How do I convert an XML body to a hash in Ruby?
I have an XML body which I\'d like to parse into a hash
The original question was asked some time ago, but I found a simpler solution than using Nokogiri and searching for specific names in the XML.
Nori.parse(your_xml)
will parse the XML into a hash and the keys will have the same names as your XML items.
If you don't mind using a gem, crack does a pretty good job at this.
Crack does the XML to hash processing, then you can loop over the resulting hash to normalize the datetimes.

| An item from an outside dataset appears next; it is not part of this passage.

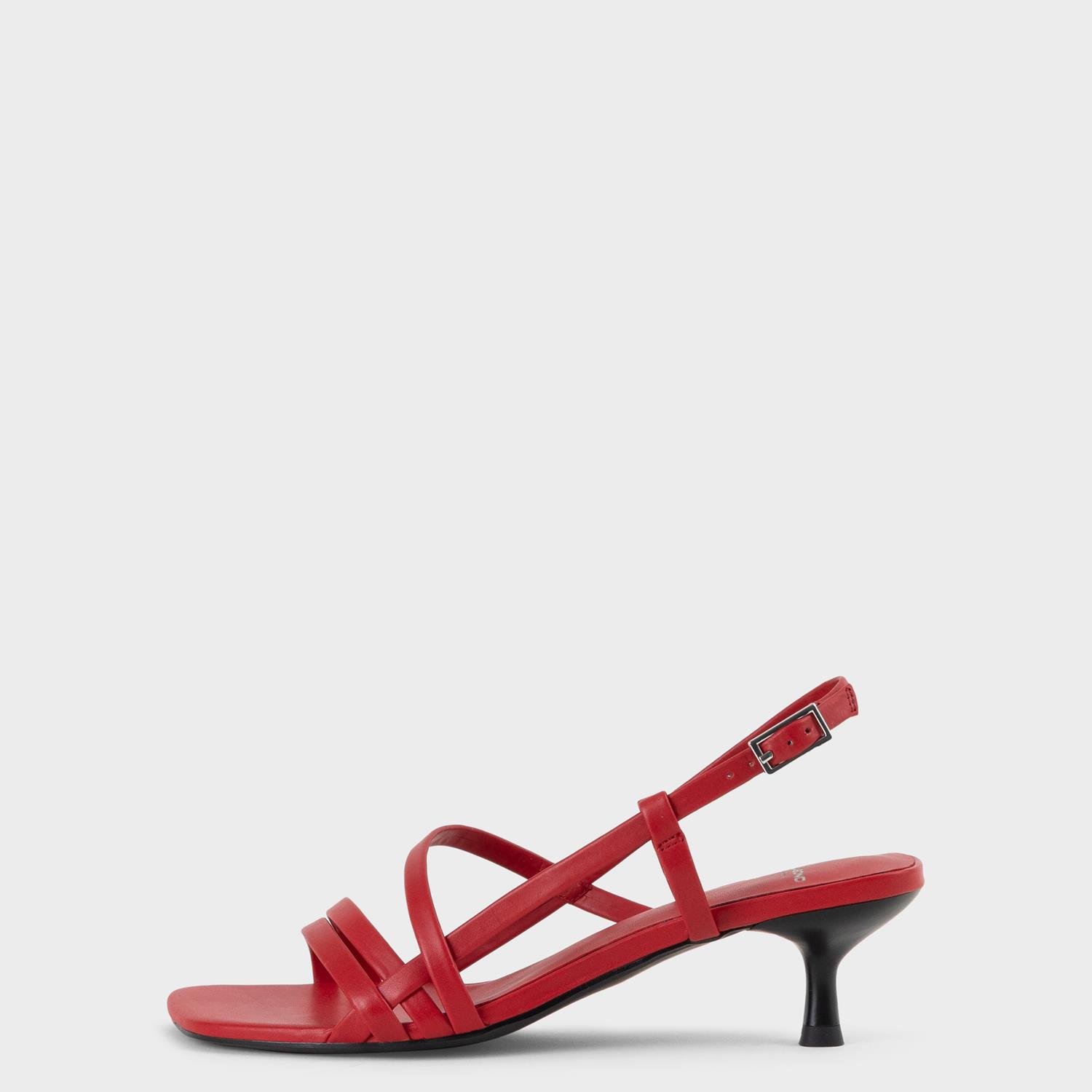 Vagabond Jonna - Donna Rosso Pelle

edit Using REXML, you could try the following (should be close to working, but I do not have access to a terminal so it may need some tweaking):
require 'rexml/document'
arr = []
doc = REXML::XPath.first(REXML::Document.new(xml), "//soap:Body/TimesInMyDAY").text
REXML::XPath.each(doc, "//TIME_DATA") do |el|
start = REXML::XPath.first(el, "//StartTime").text
end = REXML::XPath.first(el, "//EndTime").text
arr.push({:start_time => Time.parse(start).in_time_zone(current_user.time_zone), :end_time => Time.parse(end).in_time_zone(current_user.time_zone)})
end
hash = { :times_in_my_day => { :time_data => arr } }
Of course, this assumes the structure is ALWAYS the same, and that the example you posted was not contrived for simplicity sake (as examples often are).

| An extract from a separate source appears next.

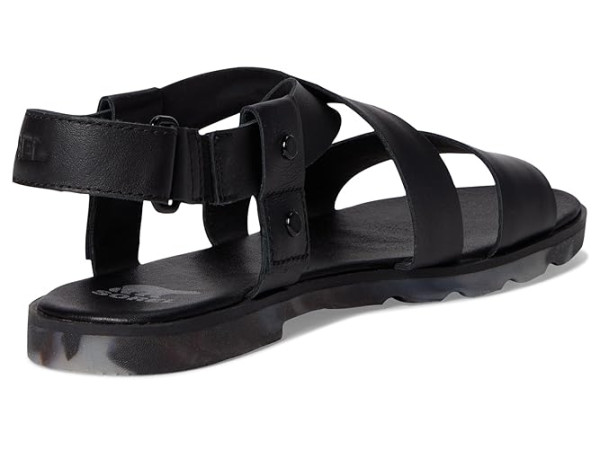 SOREL Ella Iii Crisscross Sandals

I used to use XML::Simple in Perl because parsing XML using Perl was a PITA.
When I switched to Ruby I ended up using Nokogiri, and found it to be very easy to use for parsing HTML and XML. It's so easy that I think in terms of CSS or XPath selectors and don't miss a XML-to-hash converter.
require 'ap'
require 'date'
require 'time'
require 'nokogiri'
xml = %{
<soap:Body>
<TimesInMyDAY>
<TIME_DATA>
<StartTime>2010-11-10T09:00:00</StartTime>
<EndTime>2010-11-10T09:20:00</EndTime>
</TIME_DATA>
<TIME_DATA>
<StartTime>2010-11-10T09:20:00</StartTime>
<EndTime>2010-11-10T09:40:00</EndTime>
</TIME_DATA>
<TIME_DATA>
<StartTime>2010-11-10T09:40:00</StartTime>
<EndTime>2010-11-10T10:00:00</EndTime>
</TIME_DATA>
<TIME_DATA>
<StartTime>2010-11-10T10:00:00</StartTime>
<EndTime>2010-11-10T10:20:00</EndTime>
</TIME_DATA>
<TIME_DATA>
<StartTime>2010-11-10T10:40:00</StartTime>
<EndTime>2010-11-10T11:00:00</EndTime>
</TIME_DATA>
</TimesInMyDAY>
</soap:Body>
}
time_data = []
doc = Nokogiri::XML(xml)
doc.search('//TIME_DATA').each do |t|
start_time = t.at('StartTime').inner_text
end_time = t.at('EndTime').inner_text
time_data << {
:start_time => DateTime.parse(start_time),
:end_time => Time.parse(end_time)
}
end
puts time_data.first[:start_time].class
puts time_data.first[:end_time].class
ap time_data[0, 2]
with the output looking like:
DateTime
Time
[
[0] {
:start_time => #<DateTime: 2010-11-10T09:00:00+00:00 (19644087/8,0/1,2299161)>,
:end_time => 2010-11-10 09:20:00 -0700
},
[1] {
:start_time => #<DateTime: 2010-11-10T09:20:00+00:00 (22099598/9,0/1,2299161)>,
:end_time => 2010-11-10 09:40:00 -0700
}
]
The time values are deliberately parsed into DateTime and Time objects to show that either could be used.
Hash.from_xml(xml)
is simple way to solve this. Its activesupport method
ActiveSupport adds a Hash.from_xml
, which does the conversion in a single call. Described in another question: https://stackoverflow.com/a/7488299/937595
Example:
require 'open-uri'
remote_xml_file = "https://www.example.com/some_file.xml"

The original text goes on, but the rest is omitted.